X

Recherches fréquentes

FAMILLE
REPORTAGE

Un prénom à vie

Chaque année, quelque 85000 bébés naissent en Suisse. Reste aux parents le choix du prénom. Une étape qui peut rapidement virer au casse-tête, car la décision est effective toute la vie. Dans la plupart des cas du moins.

TEXTE
PHOTO
Lucian Hunziker | Christof Sonderegger | Getty Images
VIDEO
Geoffrey Raposo | Morgane Roth
12 novembre 2018

Chantal n’a plus la cote, contrairement à Gabriel et Emma qui étaient les prénoms N° 1 en Suisse romande en 2017.

 

Le prénom qu’on vous a donné vous plaît? Si oui, vous faites partie des 84% de Suisses et Suissesses qui en sont également satisfaits; tandis que 13% d’entre eux s’en accommodent. C’est le résultat du sondage paru dans Coopération (édition 23 du 5 juin). Seuls 2%, soit une personne sur cinquante, préfèreraient changer de prénom. C’est le cas de Sofia Maurer, anciennement Heidi Thommen. Cette femme de 56 ans a fini par franchir le pas. Née au début des années 1960, ses parents la baptisent Heidi, un prénom à l’image positive en Suisse grâce au livre éponyme de Johanna Spyri. En apparence en tout cas. Car notre Heidi ne l’a pas forcément toujours bien vécu: «J’étais constamment l’objet de brimades de la part de mes camarades de classe, ce qui m’a beaucoup préoccupée. J’ai dû me forger une carapace.»

Une longue démarche

Sofia Maurer détient la confirmation officielle de son changement de nom.

A 20 ans, elle tente une première fois de changer son prénom pour Sofia. «A cette époque, je souffrais d’un gros complexe d’infériorité.» Elle n’ose donc pas demander à ses proches de l’appeler ainsi. Finalement, sa tentative n’aboutit pas et sa souffrance persiste. Elle renouvelle alors sa démarche en 2008 avec succès. Cette nouvelle demande de changement marque symboliquement la fin de son calvaire. Même à 46 ans, elle a dû prendre son courage à deux mains pour s’imposer et annoncer à tout son entourage qu’il pouvait désormais l’appeler Sofia. Cette fois, la nouvelle a été positivement accueillie. Très peu ont mal réagi et ceux qui refusaient de respecter autrefois son choix se sont ravisés. Celle que l’on prénommait Heidi tire le bilan de son expérience: «Je ne regrette pas d’avoir changé de prénom.» Un ressenti qui se reflète aussi dans son choix: en grec, Sofia signifie «sagesse».

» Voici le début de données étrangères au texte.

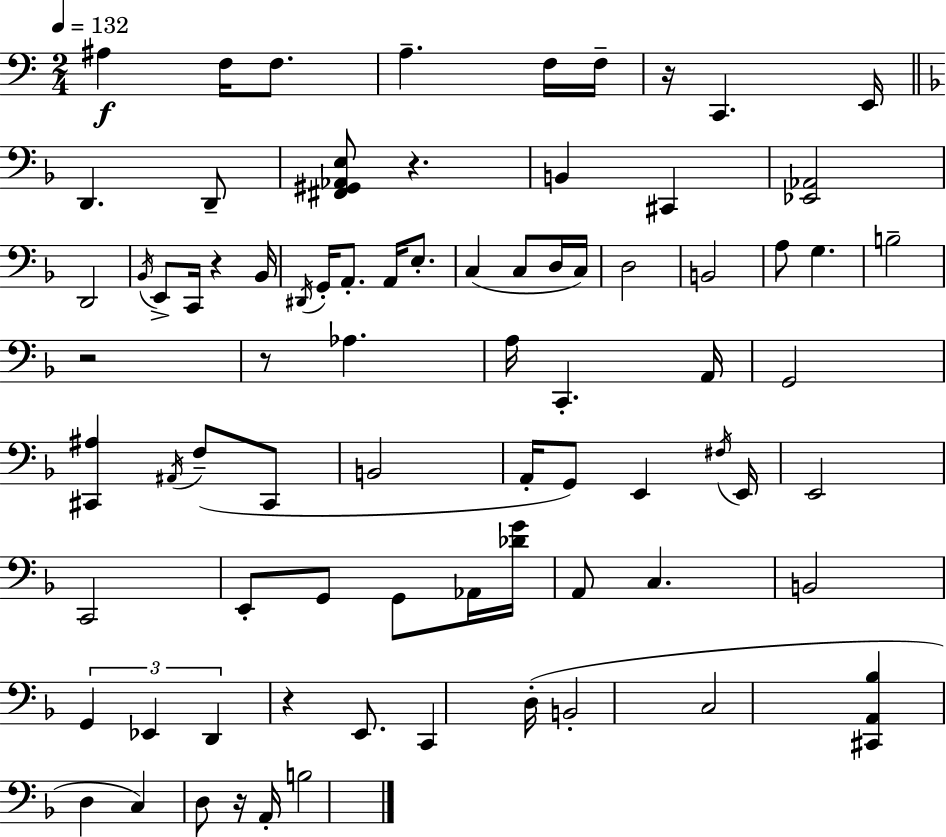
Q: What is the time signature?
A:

«Changer de prénom a été pour moi une sage décision»

Sofia Maurer

Mais pour officialiser un tel changement, la requête doit être approuvée par l’autorité compétente. Heidi Thommen s’est tournée vers l’administration en charge du droit civil dans le canton de Bâle-Campagne où elle réside. Elle a dû adresser une demande écrite précisant en détail ses motivations. L’année dernière, les bureaux de l’administration ont reçu pas moins de 140 lettres du même type. Transposé à l’ensemble de la Suisse, le nombre de demandes serait estimé à 4000. Il n’existe malheureusement pas de statistiques standardisées.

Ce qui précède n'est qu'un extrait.